Of the patients with atrial fibrillation who start oral anticoagulation, two-thirds have polypharmacy. Maxim Grymonprez (Ghent University) and colleagues calculated this on the basis of Belgian registration data. These patients have a higher risk of CVAs, systemic embolisms, death and major bleeding than people without polypharmacy. Direct-acting oral anticoagulants (DOACs) also have a more favorable profile for this group than vitamin K antagonists (Thromb Haemost. 2023; online 27 juni).

The researchers used claim data from people with Belgian health insurance, recorded by the InterMutualistic Agency. They selected all over-45s who started taking a DOAC or vitamin K antagonist (VKA) in the period 2013-2018 in a dose that is appropriate for non-valvular atrial fibrillation. After coupling with hospital data, they excluded patients who had recently had a hip or knee arthroplasty or a venous thromboembolism.

During the study period, 254,478 patients had started oral anticoagulation for atrial fibrillation. Two thirds of them had polypharmacy (concomitant use of ≥ 5 different drugs) and 21% had hyperpolypharmacy (≥ 10 drugs). Patients with polypharmacy were on average older (age: 76.3 vs. 72.5 years) and had more comorbidities.

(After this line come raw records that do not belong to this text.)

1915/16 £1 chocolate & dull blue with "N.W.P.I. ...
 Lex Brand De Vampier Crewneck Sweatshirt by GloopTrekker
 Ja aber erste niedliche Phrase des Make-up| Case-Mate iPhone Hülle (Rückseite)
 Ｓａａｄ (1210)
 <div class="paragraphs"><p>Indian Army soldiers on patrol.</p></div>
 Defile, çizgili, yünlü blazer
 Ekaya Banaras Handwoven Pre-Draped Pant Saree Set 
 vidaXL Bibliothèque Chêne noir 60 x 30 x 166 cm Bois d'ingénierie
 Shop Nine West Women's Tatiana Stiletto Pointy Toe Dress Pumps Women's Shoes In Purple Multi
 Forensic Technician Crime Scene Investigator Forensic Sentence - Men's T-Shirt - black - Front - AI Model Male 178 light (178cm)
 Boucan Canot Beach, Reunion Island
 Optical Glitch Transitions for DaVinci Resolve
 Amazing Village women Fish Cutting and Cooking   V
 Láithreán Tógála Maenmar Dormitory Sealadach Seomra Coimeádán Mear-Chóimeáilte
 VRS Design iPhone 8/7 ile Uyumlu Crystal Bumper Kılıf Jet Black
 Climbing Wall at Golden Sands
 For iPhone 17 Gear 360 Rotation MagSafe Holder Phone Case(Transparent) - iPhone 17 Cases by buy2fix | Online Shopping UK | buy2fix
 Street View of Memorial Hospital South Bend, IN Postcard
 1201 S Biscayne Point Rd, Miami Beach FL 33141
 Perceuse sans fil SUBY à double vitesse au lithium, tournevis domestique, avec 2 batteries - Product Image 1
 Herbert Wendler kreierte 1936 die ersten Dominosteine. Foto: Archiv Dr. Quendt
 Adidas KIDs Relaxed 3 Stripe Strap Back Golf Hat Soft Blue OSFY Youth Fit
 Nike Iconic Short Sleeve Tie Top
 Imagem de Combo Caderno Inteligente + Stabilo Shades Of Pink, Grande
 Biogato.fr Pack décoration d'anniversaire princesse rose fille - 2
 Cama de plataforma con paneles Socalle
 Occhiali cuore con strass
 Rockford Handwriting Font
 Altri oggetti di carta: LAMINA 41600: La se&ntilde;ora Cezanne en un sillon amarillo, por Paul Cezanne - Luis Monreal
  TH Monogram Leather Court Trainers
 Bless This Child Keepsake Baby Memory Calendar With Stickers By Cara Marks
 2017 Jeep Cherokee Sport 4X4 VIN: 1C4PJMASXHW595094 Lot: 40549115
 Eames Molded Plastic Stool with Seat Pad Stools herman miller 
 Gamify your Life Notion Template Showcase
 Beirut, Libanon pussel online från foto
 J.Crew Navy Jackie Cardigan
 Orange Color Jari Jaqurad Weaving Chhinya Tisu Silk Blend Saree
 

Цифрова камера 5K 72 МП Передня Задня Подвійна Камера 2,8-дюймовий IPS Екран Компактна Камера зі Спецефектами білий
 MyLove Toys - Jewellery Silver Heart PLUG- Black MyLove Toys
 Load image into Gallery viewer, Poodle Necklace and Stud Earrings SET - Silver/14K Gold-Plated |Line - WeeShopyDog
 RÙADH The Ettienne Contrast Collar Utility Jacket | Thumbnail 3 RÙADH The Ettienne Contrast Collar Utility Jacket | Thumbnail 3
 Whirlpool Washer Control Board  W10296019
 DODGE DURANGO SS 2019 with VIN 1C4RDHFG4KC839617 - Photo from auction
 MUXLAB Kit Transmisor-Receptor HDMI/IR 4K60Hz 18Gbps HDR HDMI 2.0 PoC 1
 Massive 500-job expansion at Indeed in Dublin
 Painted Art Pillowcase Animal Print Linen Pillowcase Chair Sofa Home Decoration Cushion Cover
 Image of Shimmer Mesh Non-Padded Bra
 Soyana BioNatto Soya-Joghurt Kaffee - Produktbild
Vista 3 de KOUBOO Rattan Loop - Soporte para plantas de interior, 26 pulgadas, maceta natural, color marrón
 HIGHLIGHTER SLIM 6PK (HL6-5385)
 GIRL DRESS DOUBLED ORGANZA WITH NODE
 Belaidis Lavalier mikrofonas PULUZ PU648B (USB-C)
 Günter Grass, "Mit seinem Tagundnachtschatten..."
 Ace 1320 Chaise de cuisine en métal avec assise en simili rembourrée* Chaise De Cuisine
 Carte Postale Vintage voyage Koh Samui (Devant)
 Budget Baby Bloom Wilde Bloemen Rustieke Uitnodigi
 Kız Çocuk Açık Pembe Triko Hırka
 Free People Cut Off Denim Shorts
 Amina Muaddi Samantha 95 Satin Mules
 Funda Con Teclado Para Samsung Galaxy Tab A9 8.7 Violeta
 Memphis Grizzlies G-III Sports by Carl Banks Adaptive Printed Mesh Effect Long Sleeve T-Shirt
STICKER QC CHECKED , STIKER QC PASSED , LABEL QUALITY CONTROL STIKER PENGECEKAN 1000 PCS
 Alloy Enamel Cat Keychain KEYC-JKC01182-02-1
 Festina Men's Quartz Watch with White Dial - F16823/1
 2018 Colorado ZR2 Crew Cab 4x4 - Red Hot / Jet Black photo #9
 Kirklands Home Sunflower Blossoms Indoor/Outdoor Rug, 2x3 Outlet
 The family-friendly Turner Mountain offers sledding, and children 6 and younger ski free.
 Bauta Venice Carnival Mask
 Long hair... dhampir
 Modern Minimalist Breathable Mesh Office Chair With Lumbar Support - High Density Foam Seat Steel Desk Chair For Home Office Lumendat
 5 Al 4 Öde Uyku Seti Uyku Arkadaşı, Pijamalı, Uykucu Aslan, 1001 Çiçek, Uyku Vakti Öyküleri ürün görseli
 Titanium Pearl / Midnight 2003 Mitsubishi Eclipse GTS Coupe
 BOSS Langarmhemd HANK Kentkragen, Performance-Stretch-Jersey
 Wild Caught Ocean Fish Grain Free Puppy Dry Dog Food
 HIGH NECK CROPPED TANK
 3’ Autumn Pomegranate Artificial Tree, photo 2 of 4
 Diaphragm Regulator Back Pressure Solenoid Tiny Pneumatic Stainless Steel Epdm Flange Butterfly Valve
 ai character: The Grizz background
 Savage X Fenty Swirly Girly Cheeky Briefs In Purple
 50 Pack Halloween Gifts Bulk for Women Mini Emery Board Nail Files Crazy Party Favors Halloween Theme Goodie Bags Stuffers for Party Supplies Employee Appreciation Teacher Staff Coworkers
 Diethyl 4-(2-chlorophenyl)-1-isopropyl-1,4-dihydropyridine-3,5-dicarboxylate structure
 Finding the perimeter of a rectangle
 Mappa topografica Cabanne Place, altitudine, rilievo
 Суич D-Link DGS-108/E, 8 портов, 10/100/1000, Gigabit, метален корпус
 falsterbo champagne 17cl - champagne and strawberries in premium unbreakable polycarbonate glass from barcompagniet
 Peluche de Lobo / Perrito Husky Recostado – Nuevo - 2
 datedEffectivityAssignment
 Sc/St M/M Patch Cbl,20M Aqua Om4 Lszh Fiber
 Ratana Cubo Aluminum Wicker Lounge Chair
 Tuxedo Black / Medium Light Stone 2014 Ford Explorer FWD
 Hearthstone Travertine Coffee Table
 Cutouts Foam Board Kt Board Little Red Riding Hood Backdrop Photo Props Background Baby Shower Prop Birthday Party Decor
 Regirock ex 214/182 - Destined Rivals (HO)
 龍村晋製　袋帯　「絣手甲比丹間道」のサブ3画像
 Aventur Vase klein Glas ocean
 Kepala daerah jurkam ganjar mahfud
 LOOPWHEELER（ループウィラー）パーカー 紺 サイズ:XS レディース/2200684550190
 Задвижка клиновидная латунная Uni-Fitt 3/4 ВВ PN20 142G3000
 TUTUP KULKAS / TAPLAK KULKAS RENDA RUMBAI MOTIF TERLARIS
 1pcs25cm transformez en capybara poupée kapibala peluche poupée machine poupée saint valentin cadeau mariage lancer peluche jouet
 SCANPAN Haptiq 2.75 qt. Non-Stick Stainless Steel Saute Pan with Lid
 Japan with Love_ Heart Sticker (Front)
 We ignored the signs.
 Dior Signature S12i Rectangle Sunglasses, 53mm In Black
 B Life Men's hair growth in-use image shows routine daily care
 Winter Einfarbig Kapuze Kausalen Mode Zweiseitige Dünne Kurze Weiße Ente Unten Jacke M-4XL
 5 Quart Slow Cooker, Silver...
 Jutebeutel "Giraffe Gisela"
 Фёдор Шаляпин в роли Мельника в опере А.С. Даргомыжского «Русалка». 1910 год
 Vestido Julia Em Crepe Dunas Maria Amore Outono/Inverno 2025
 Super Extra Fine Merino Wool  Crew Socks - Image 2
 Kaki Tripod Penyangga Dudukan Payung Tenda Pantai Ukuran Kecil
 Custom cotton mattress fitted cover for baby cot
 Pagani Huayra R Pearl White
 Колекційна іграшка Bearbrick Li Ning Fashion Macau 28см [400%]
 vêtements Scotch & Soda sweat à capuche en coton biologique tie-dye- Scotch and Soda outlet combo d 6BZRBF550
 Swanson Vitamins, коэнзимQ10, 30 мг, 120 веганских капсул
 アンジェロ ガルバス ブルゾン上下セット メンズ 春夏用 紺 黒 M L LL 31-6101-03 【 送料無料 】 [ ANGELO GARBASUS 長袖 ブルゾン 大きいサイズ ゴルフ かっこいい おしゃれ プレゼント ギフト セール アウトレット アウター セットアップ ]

During the median follow-up of 1.3 years, all effect measures (CVAs, systemic embolisms, and death) and all adverse events (major, intracranial, and gastrointestinal bleeding) occurred more frequently in patients with polypharmacy than in patients without polypharmacy, even after adjustment for age, gender and known comorbidities.

In patients with polypharmacy, DOACs were more beneficial than VKAs. Systemic embolisms and strokes were less common in DOAC users (adjusted haza ratio (aHR): 0.68; 95% CI: 0.63-0.73), as was mortality (aHR: 0.80, 0.77- 0.84). DOAC users also had less bleeding, although GI bleeding was more common in this group (aHR: 1.10; 95% CI: 1.01-1.19), with an unadjusted difference of 2.82 vs. 2.62 GI bleeding per 100 patient years.

The researchers advise better monitoring of patients with polypharmacy and to critically assess in a medication review whether medication that increases the risk of bleeding can be stopped.